Combustible Gas Indicators • Combustible gas instruments require adequate oxygen level to work properly • Accidents have occurred when low LEL was indicted • Normally the instrument readings increase as gas or vapor concentrations build. • When gas or vapor concentrations get too high, however, the reading may decrease or go to "zero". • Most instruments are now designed to "latch" in an alarm mode to prevent this problem.
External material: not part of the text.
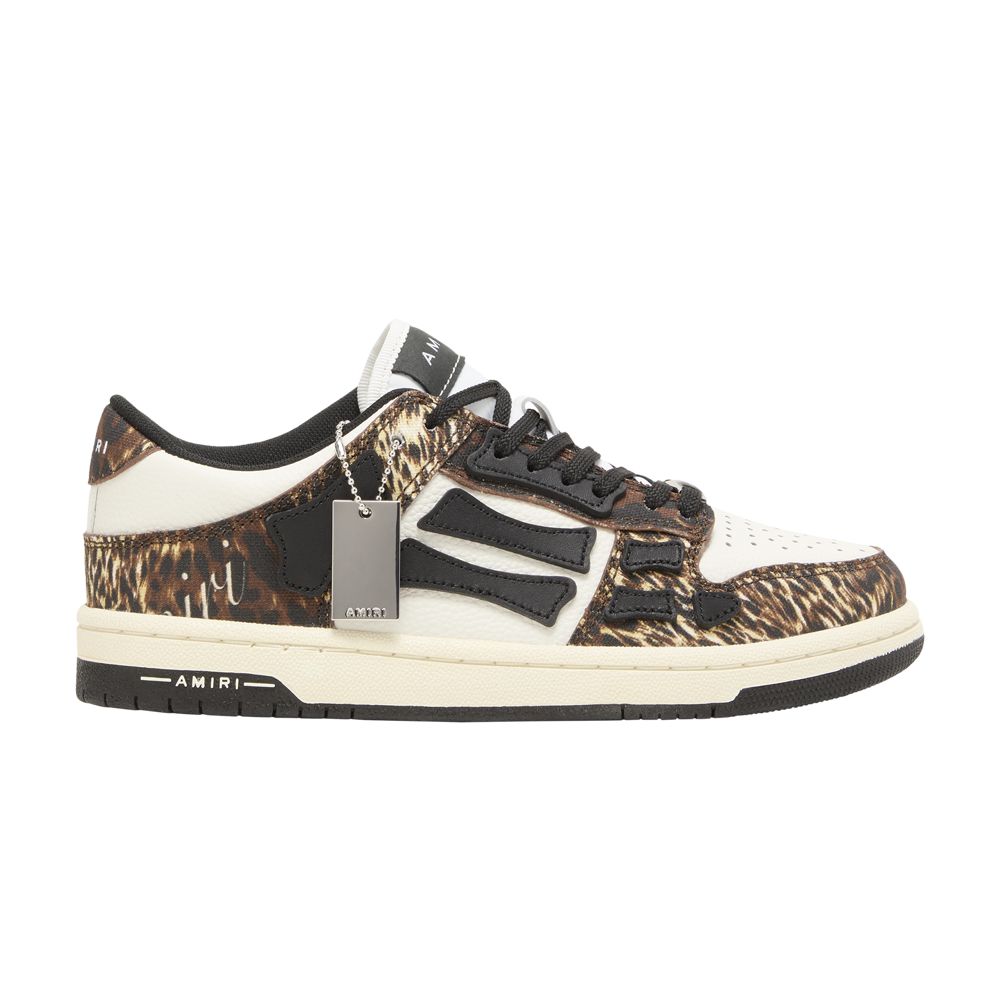 Pre-owned Amiri Wmns Skel Top Low 'animal Print' | White | Women's Size 40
Combustible Gas Indicators • Affected by lead or silicon vapors. • Catalytic element can be damaged, resulting in failure to properly identify hazardous conditions. • Calibrated with reference atmospheres • May not be accurately for other gases or vapors. • Standard practice to regard any LEL >10 or 20% as extremely hazardous. • Many CGIs also include electrochemical detectors for oxygen or toxic gases. • For confined space entry, etc. • Usually at least three or more detectors • LEL, oxygen, and CO or H2S
Electrochemical Detectors • Electrochemical cells (sensors) detect specific gases • A chemical reaction creates an electrical current when the gas enters the cell. • Electrochemical detectors must be calibrated frequently, and the sensors must be replaced periodically • Sensor life is decreased by dry conditions, exposure to air, etc. • Electrochemical detectors are getting smaller and sensors are lasting longer as the technology improves. • Commonly measure CO, H2S and O2 • Often with Multiple sensors (including LEL)
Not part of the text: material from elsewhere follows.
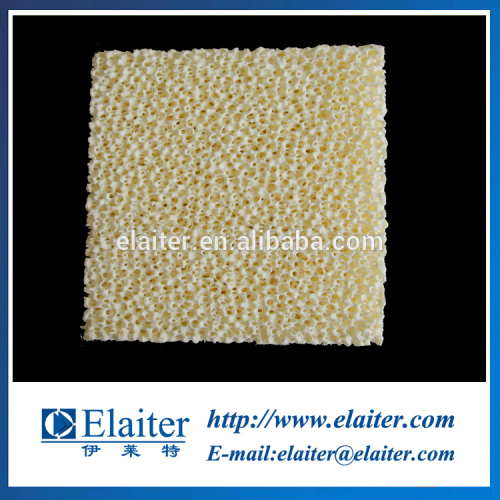 Magnesia foam ceramic filter & reticulated foam part for magnesium alloy & other active alloy filtration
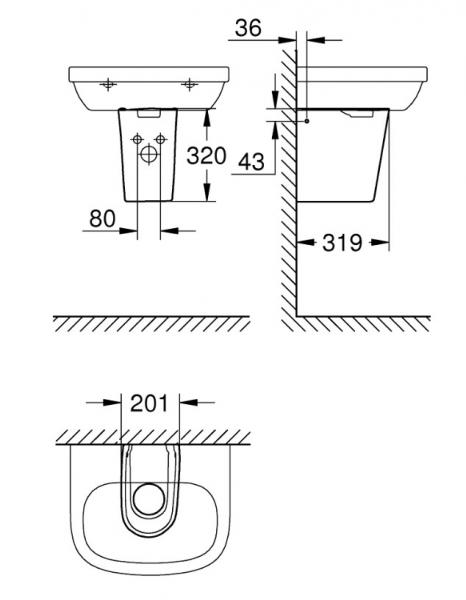 Grohe Essence Halvsøjle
Photoionization Detectors • Photoionization detectors (PIDs) utilize ultraviolet light (UV) • Compounds in air ionized by light from a UV lamp • PIDs are nonspecific • Any compound that is ionized by UV may be indicated. • PIDs are available with lamps of different energy to help differentiate between chemicals • Commonly used on hazardous waste sites
Photoionization Detectors • Calibration • Generally calibrated for benzene or isobutylene • The user can correct instrument readings for other compounds • PID instruments display readings in parts per million, but this is accurate only if they have been properly calibrated. • Some PID instruments allow the operator to select a specific compound to be measured. • These instruments use preprogramed response data to display ppm for that specific compound.
Other chemical monitoring instruments • Many other direct-reading instruments are available. • Infrared (IR) analyzers measure compounds that absorb IR. Sophisticated IR instruments are pre-programmed to measure a number of compounds, based on the absorption characteristics (intensity and frequency). • Flame ionization detectors (FID) are non-specific analyzers capable of measuring a wide variety of chemicals. Many inexpensive devices use solid-state detectors.
Other chemical monitoring instruments Infrared (IR) analyzers
Particulate Monitors • Particle counting devices use laser technology and light scattering principles to count individual particles • Particle size counters determine particle size by measuring the amount of reflected light. • The condensation nucleus counter detects smaller particles (0.02 um diameter) than other devices. • Alcohol vapor is condensed on the particles, causing them to become large enough to be detected • Laser Fiber Monitor uses electrical fields align fibers. • Identifies the particle as a fiber by measuring reflected light from two directions • Provides real-time measurement of airborne fiber levels.